→ **ACTIVITY**:
Transcribe the entries below exactly, starting with the line that has "2018 Chevrolet Silverado" and stopping after the line that has "Wade Boggs, Rawlings"; no pictures belong in the copy.

----- DATA TO EXAMINE

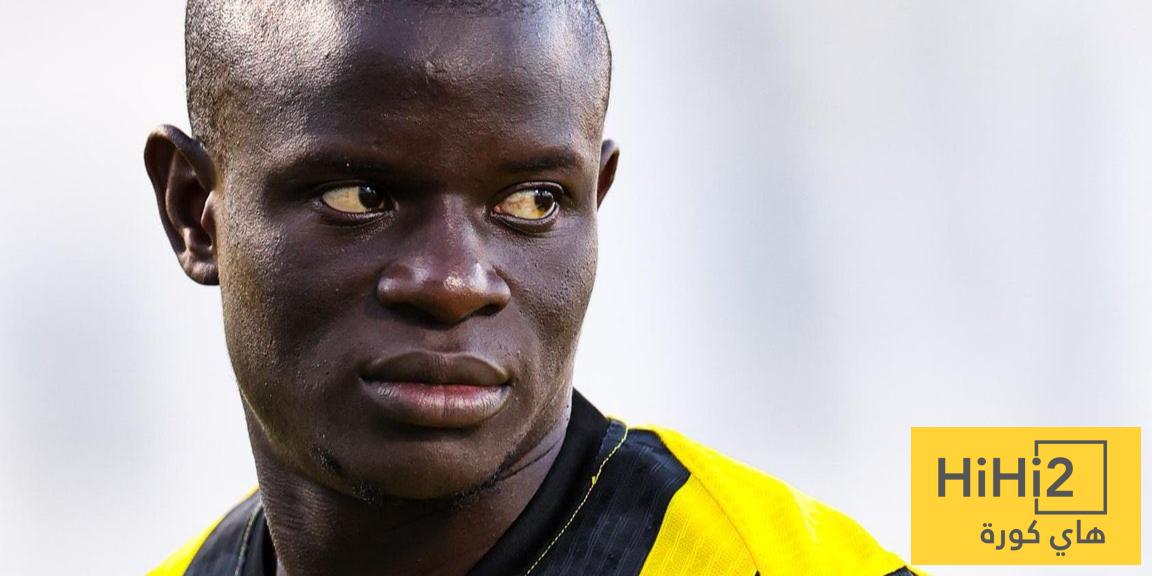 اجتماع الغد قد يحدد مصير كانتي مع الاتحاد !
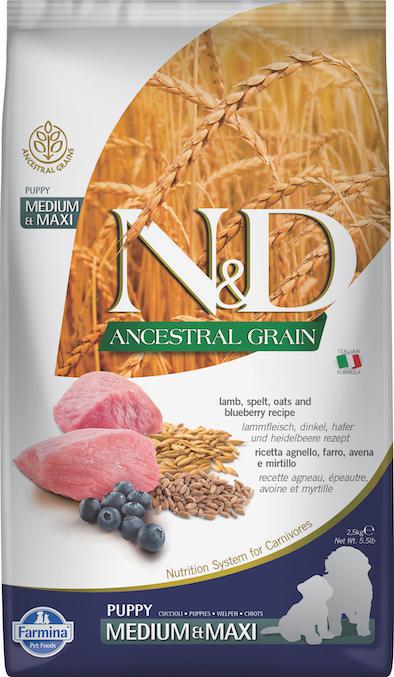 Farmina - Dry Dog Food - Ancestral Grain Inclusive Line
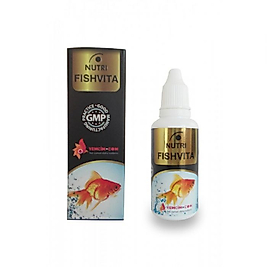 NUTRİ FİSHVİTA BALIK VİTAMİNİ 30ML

----------
----- DATA TO EXAMINE

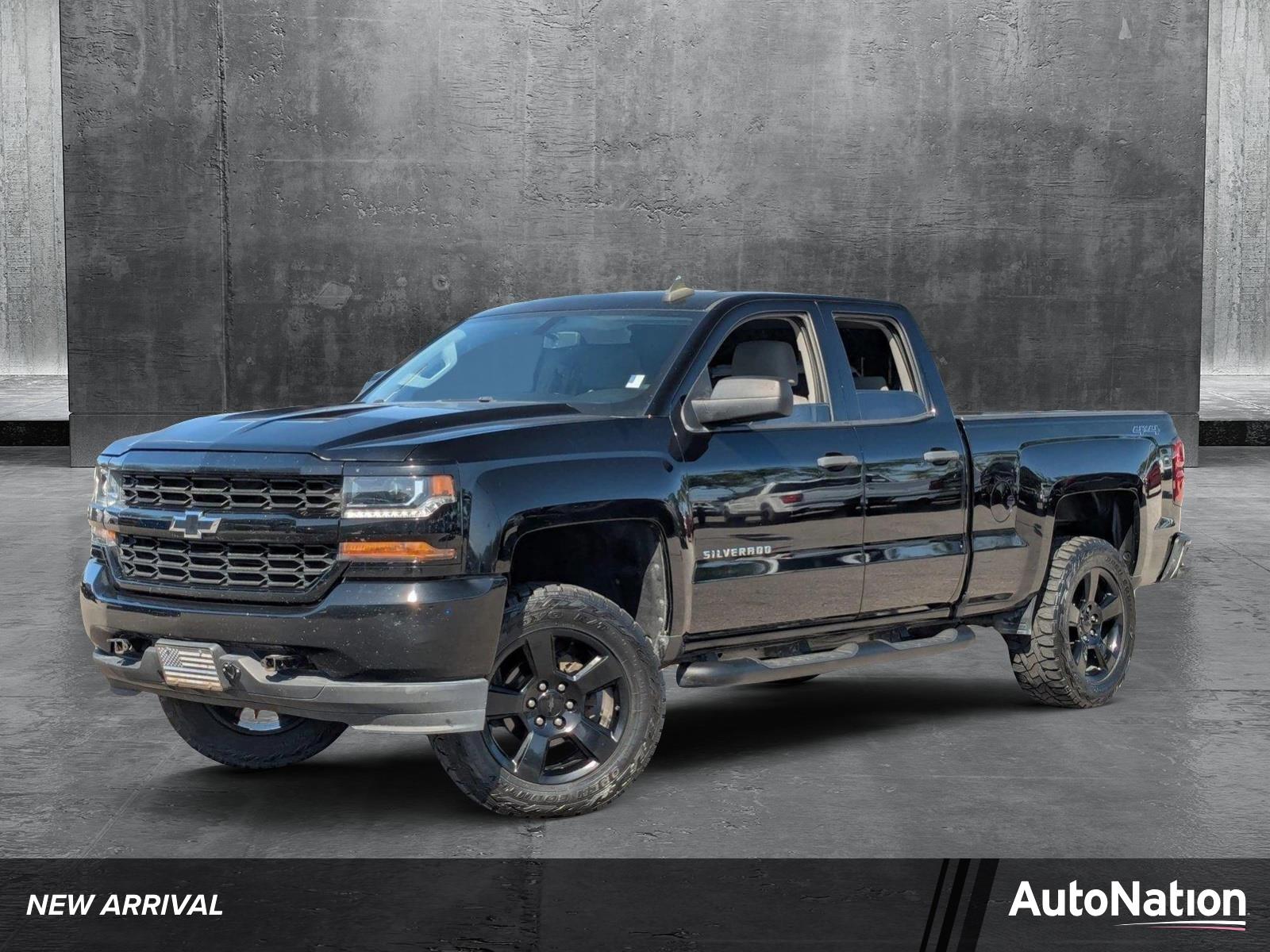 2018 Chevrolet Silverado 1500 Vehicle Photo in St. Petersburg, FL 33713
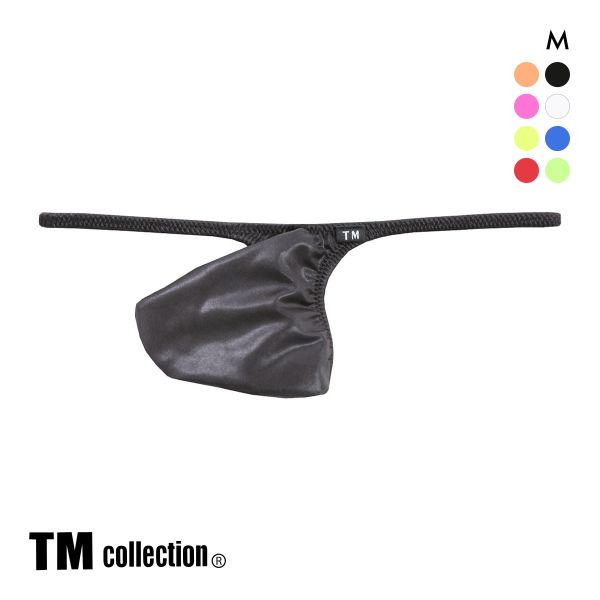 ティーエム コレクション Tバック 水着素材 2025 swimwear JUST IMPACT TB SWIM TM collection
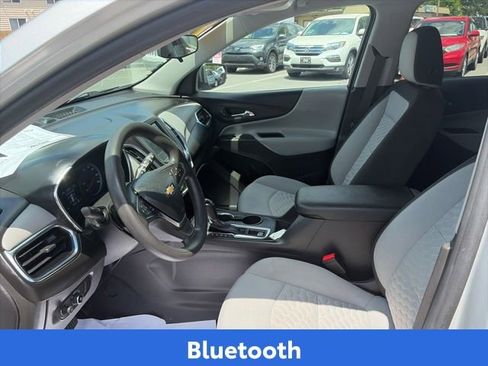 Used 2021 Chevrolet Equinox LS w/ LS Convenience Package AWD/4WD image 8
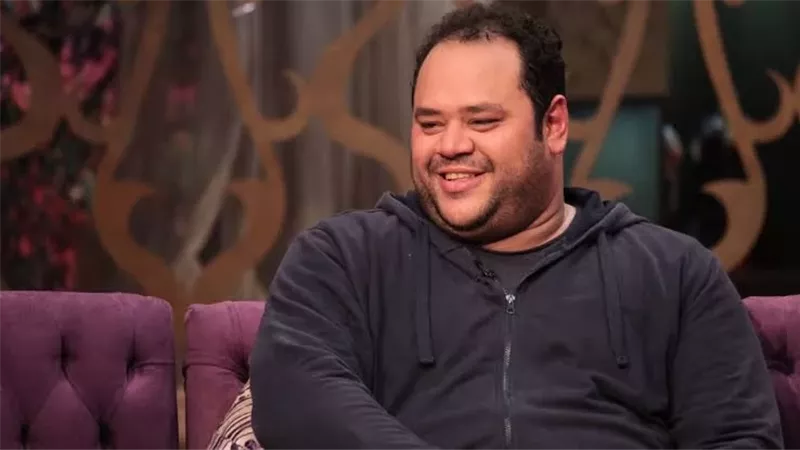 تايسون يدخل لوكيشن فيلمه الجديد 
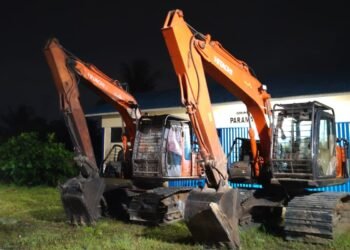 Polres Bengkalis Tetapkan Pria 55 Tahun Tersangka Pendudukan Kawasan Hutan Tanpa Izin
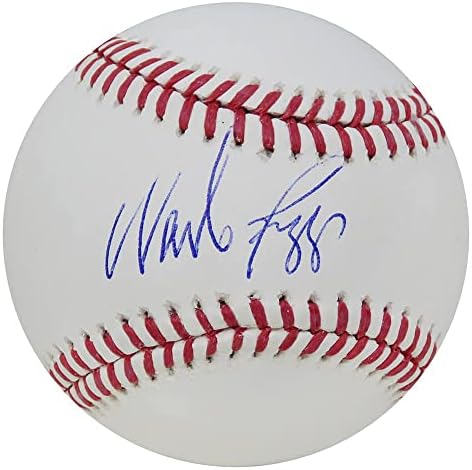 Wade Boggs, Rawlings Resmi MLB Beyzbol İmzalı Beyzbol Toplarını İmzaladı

----------
----- DATA TO EXAMINE

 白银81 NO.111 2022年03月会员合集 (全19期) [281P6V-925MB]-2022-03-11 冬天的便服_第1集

----------

→ **OUTPUT**:
 2018 Chevrolet Silverado 1500 Vehicle Photo in St. Petersburg, FL 33713
 ティーエム コレクション Tバック 水着素材 2025 swimwear JUST IMPACT TB SWIM TM collection
 Used 2021 Chevrolet Equinox LS w/ LS Convenience Package AWD/4WD image 8
 تايسون يدخل لوكيشن فيلمه الجديد 
 Polres Bengkalis Tetapkan Pria 55 Tahun Tersangka Pendudukan Kawasan Hutan Tanpa Izin
 Wade Boggs, Rawlings Resmi MLB Beyzbol İmzalı Beyzbol Toplarını İmzaladı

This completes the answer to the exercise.